I never thought of myself as an angry person. Life had its challenges, but I was able to work through many of them and remain in control, all while having a good, easy going attitude. That was until I married and had kids. Marriage and kids took control out of my hands. I couldn’t make my kids behave perfectly, I couldn’t control their melt downs, I couldn’t control my husband and the responses I wanted from him. And all of a sudden, in seeking to control everything around me, anger began to control me.
I tried counseling and got some great strategies for handling my anger, but in the heat of the moment, they did not help. The strategies didn’t help because they sought to control the behavior, but the problem lay deeper, with what I loved most. I loved control, I loved approval, honestly, I loved myself most.
Anger in its pure form is love in motion. Throughout the Bible, we see that God is a God of anger. In Exodus 34, God describes that he is a God of compassion, mercy, unfailing love but also one who is slow to anger:
“The Lord passed in front of Moses, calling out,“Yahweh! The Lord!
The God of compassion and mercy!
I am slow to anger
and filled with unfailing love and faithfulness.” Exodus 34:6
Many people say they want a God of love but not a God who grows angry. But if God never gets angry then he is not a God of love. If I take someone you love and start hurting them senselessly, wouldn’t you grow angry? If you truly love them you would! So if God truly loves his people, he is going to be angry when sin and evil harm them. If God didn’t grow angry then he wouldn’t truly love us!
Humans, made in God’s image, grow angry when what they love most is threatened. The problem is that while God created us to love him most, we often love other things more. Healing from anger can only come when we identify that thing which we love so much that we are willing to fight the world to protect it.
Tim Keller says, “When anything in life is an absolute requirement for your happiness and self-worth, is is essentially an ‘idol,’ something you are actually worshiping. When such a thing is threatened, your anger is absolute. Your anger is actually the way the idol keeps you in its service, in its chains. Therefore if you find that, despite all the efforts to forgive, your anger and bitterness cannot subside, you may need to look deeper and ask, ‘What am I defending? What is so important that I cannot live without?’ It may be that, until some inordinate desire is identified and confronted, you will not be able to master your anger.”

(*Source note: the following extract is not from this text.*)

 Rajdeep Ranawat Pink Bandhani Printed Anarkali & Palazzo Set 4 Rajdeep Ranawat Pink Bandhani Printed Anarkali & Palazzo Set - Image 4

Your anger is a blessing that helps you identify what you love most, your idols. Sometimes anger is good. If you are loving in line with God and his desires, to protect and love what is important to him, then your anger is healthy. But, if you find yourself quick to anger, if your anger is out of proportion (you are more angry than the situation deserves), or if you find yourself seeking to hurt people through your anger, you are most likely loving something that is not in line with God's heart.
As you identify the root of the anger, turn to Jesus. He went to the cross and absorbed the disordered rage of the world without fighting back. He didn’t just take our disordered rage, he took the rage we deserved from our holy, loving God. On that cross, all the rage, from both man and God was absorbed in LOVE and FORGIVENESS. He has released us from the power of anger by forgiving us once and for all.
Once I truly believed that Christ was the true love that I need most, I didn’t need for my husband or kids to worship me because I had the perfect love of my savior. I could let go of control because I knew he had it in his hands. Jesus was the only one who could set me free.
Once Jesus becomes the true love of our life, anger will take its rightful place as an emotion meant to protect what God loves most!
Turning from anger:
- Turn to God, repent of your love for other things and find that whatever you are seeking in that thing you are protecting can be found more beautifully in Jesus.
- Ask yourself, what is it that you are defending, what can’t you live without? Dialogue with trusted friends and God.
- In the heat of the moment, or even leading up to it, “take captive every thought to make it obedient to Christ” (2 Corinthians 10:5)
- Study yourself, know what triggers your anger
- Pray for the love of Christ to sink deep in your heart, allowing his love to be the one thing your heart desires most.